18.1 Bestemmingsomschrijving
De voor 'waarde - archeologie 4' aangewezen gronden zijn, behalve voor de andere daar voorkomende bestemming(en), mede bestemd voor het behoud van archeologische waarden.
18.2 Bouwregels
Op deze gronden mogen geen bouwwerken worden gebouwd, waarbij de bodem dieper dan 0,4 m -mv wordt geroerd, met uitzondering van:
- bouwwerken ter vervanging van bestaande bouwwerken, waarbij de bestaande oppervlakte met niet meer dan 200 m² wordt uitgebreid;
- bouwwerken met een oppervlakte kleiner dan 200 m² ten behoeve van andere, voor deze gronden geldende bestemmingen.
18.3 Afwijken van de bouwregels
Het bevoegd gezag kan bij omgevingsvergunning afwijking van het bepaalde in 18.2, mits:
a. op basis van archeologisch onderzoek door een daartoe bevoegde instantie is aangetoond dat geen archeologische waarden (meer) aanwezig zijn;
b. op basis van archeologisch onderzoek door een daartoe bevoegde instantie is aangetoond dat de archeologische waarden door de bouwactiviteiten niet onevenredig worden geschaad;
c. één of meer van de volgende voorwaarden in acht wordt of worden genomen:
1. een verplichting tot het treffen van technische maatregelen, waardoor archeologische resten in de bodem kunnen worden behouden;
2. een verplichting tot het doen van archeologisch onderzoek door middel van opgravingen;
3. een verplichting de bouw van het bouwwerk te laten begeleiden door een deskundige op het terrein van de archeologische monumentenzorg.
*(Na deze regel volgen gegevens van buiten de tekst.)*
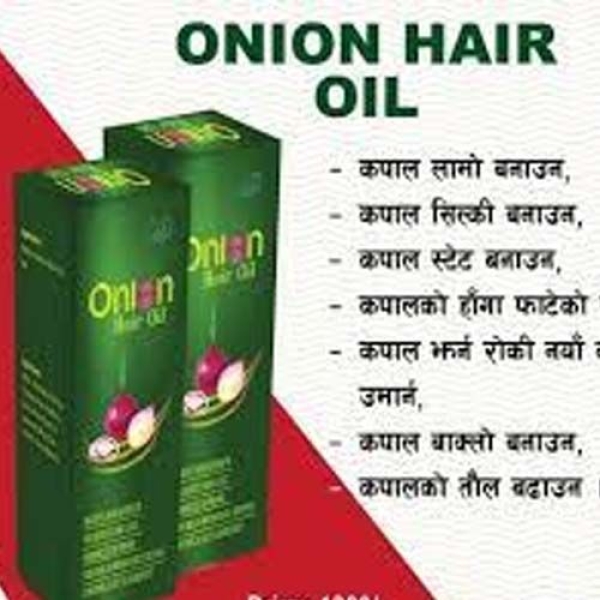 Onion Hair Oil For Hair Growth 100ml - Image 2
Indien het bevoegd gezag voornemens is om aan de omgevingsvergunning voorwaarden te verbinden, wordt een archeologisch deskundige om advies gevraagd.
18.4 Omgevingsvergunning voor het uitvoeren van een werk, geen bouwwerk zijnde, of van werkzaamheden
a. Het is verboden zonder of in afwijking van een schriftelijke vergunning van het bevoegd gezag (omgevingsvergunning) de volgende werken, geen bouwwerken zijnde, of werkzaamheden uit te voeren:
1. het ontgronden, afgraven, egaliseren, ophogen van gronden over een oppervlakte groter dan 200 m², waarbij in acht wordt genomen de oppervlakte welke reeds eerder door voornoemde werken is bewerkt;
2. het mengen, diepploegen, ontginnen van gronden over een oppervlakte groter dan 200 m² en dieper dan 0,4 m, waarbij in acht wordt genomen de oppervlakte welke reeds eerder door voornoemde werken is bewerkt;
3. het graven, uitbaggeren of dempen van watergangen;
4. het aanbrengen van systematische drainage in agrarische percelen dieper dan 0,4 m;
5. het graven van sleuven breder dan 0,5 m en dieper dan 1 m ten behoeve van het aanbrengen van ondergrondse transport-, energie-, telecommunicatieleidingen, drainage en funderingen en daarmee verband houdende constructies, installaties of apparatuur;
6. het permanent verlagen van het waterpeil.
b. Een vergunning als bedoeld onder a wordt slechts verleend indien:
1. op basis van archeologisch onderzoek door een daartoe bevoegde instantie is aangetoond dat geen archeologische waarden (meer) aanwezig zijn;
2. op basis van archeologisch onderzoek door een daartoe bevoegde instantie is aangetoond dat de archeologische waarden door de werken en/of werkzaamheden niet onevenredig worden geschaad;
3. één of meer van de volgende voorwaarden in acht wordt of worden genomen:
- een verplichting tot het treffen van technische maatregelen, waardoor archeologische resten in de bodem kunnen worden behouden;
- een verplichting tot het doen van archeologisch onderzoek door middel van opgravingen;
- een verplichting de werken en/of werkzaamheden te laten begeleiden door een deskundige op het terrein van de archeologische monumentenzorg.
Indien het bevoegd gezag voornemens is om aan de omgevingsvergunning voorwaarden te verbinden, wordt een archeologisch deskundige om advies gevraagd.
c. Het verbod als bedoeld onder a is niet van toepassing op werken, geen bouwwerken zijnde en werkzaamheden die:
- reeds in uitvoering zijn ten tijde van het van kracht worden van het plan;
- het normale onderhoud betreffen;
- mogen worden uitgevoerd krachtens een reeds verleende vergunning.
18.5 Wijzigingsbevoegdheid
Burgemeester en wethouders zijn bevoegd het plan te wijzigen door de dubbelbestemming Waarde - Archeologie 4 te doen vervallen, indien op basis van archeologisch onderzoek door een daartoe bevoegde instantie is aangetoond dat ter plaatse geen archeologische waarden (meer) aanwezig zijn.